Crow Jim is what they call that. Yeah. It’s a lot of the Negro musicians mad because most of the best-paying jobs go to the white musicians playing what the Negroes created. But I don’t go for this, because I think prejudice one way is just as bad as the other way. I wouldn’t have no other arranger but Gil Evans – we couldn’t be much closer if he was my brother. And I remember one time when I hired Lee Konitz, some colored cats bitched a lot about me hiring an ofay in my band when Negroes didn’t have work. I said if a cat could play like Lee, I would hire him, I didn’t give a damn if he was green and had red breath.

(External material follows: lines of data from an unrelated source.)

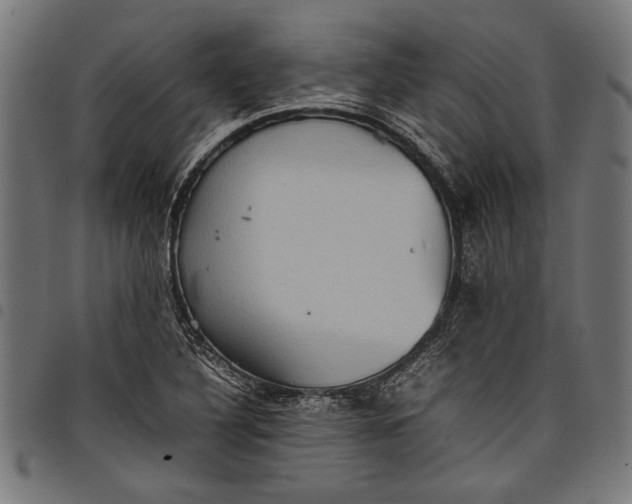 X0000097821316200803281112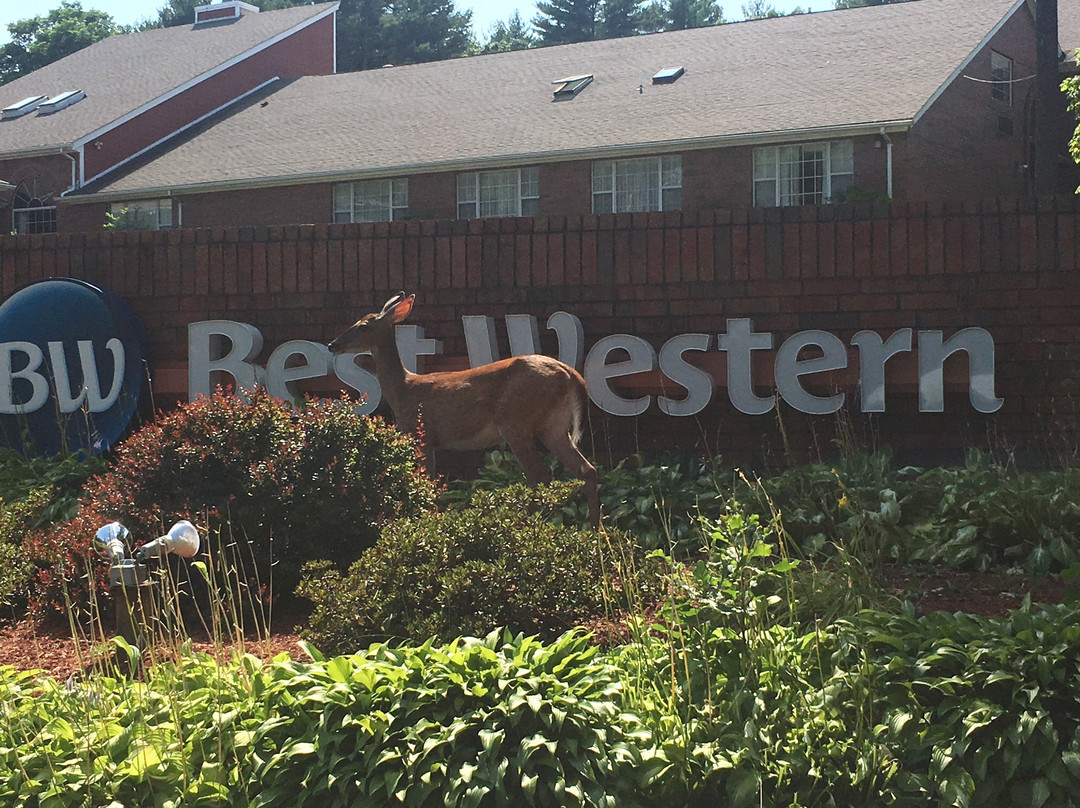 Best Western West Greenwich Inn主图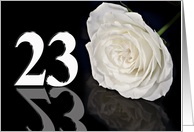 23rd Birthday White Rose card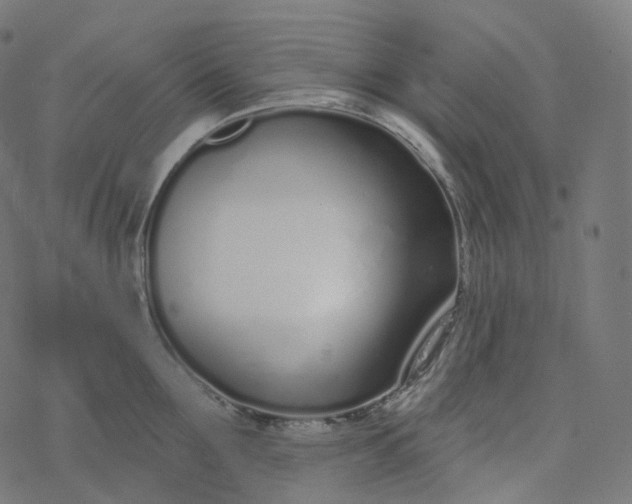 X0000077400907200611032023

I won’t play nowhere I know has the kind of audiences that you waste your breath to play for. I’m talking about them expense-account ofays that use music as a background for getting high and trying to show off to the women they brought. They ain’t come to hear good music. They don’t even know how to enjoy themselves. They drink too much, they get loud, they got to be seen and heard. They’ll jump up and dance jigs and sing. They ain’t got no manners - don’t pay their women no respect. What they really want is some Uncle Tom entertainment if it’s a Negro group on the stand. These are the kind will holler, “Hey, boy, play Sweet Georgia Brown!” You supposed to grin and play that. I hate to play in a place full of those kind of squares so bad that if there wasn’t nobody else to play to, I’d invest in some more property and just stay home and collect rents. I can’t stand dumb-ass people not respecting the other customers that have come to hear the music. Sometimes one table like that has bugged me so that when I get home or to my hotel, I walk the floor because I can’t sleep.
I told you I ain’t going to play nowhere in the South that Negroes can’t come. But I ain’t going to play nowhere in the North that Negroes don’t come. It’s one of two reasons they won’t, either because they know they ain’t wanted, or because they don’t like the joint’s regular run of music. Negroes ain’t got as much money to throw away in nightclubs as white people. So a club that Negroes patronize, you can figure that everybody that goes there comes expecting to hear good music.
About the first thing I can remember as a little boy was a white man running me down a street hollering “Nigger! Nigger!” My father went hunting him with a shotgun. Being sensitive and having race pride has been in my family since slave days. The slave Davises played classical string music on the plantations.
I grew up with an allowance, and I had a big newspaper route. I saved most of what I made except for buying records. But when I first left home as a musician, I used to spend all I made, and when I went on dope, I got in debt. But after I got enough sense to kick the habit, I started to make more than I needed to spend unless I was crazy or something.
Now I got a pretty good portfolio of stock investments, and I got this house - it’s worth into six figures, including everything in it. My four kids are coming up fine. When the boys get in from school, I want you to see them working out on the bags in our gym downstairs. I keep myself in shape and teach the kids how to box. They can handle themselves. Ain’t nothing better that a father can pass along. Then I got my music, I got Frances, and my Ferrari - and our friends. I got everything a man could want - if it just wasn’t for this prejudice crap. It ain’t that I’m mad at white people, I just see what I see and I know what’s happening. I am going to speak my mind about anything that drags me about this Jim Crow scene. This whole prejudice mess is something you would feel so good if it could just be got rid of, like a big sore eating inside of your belly.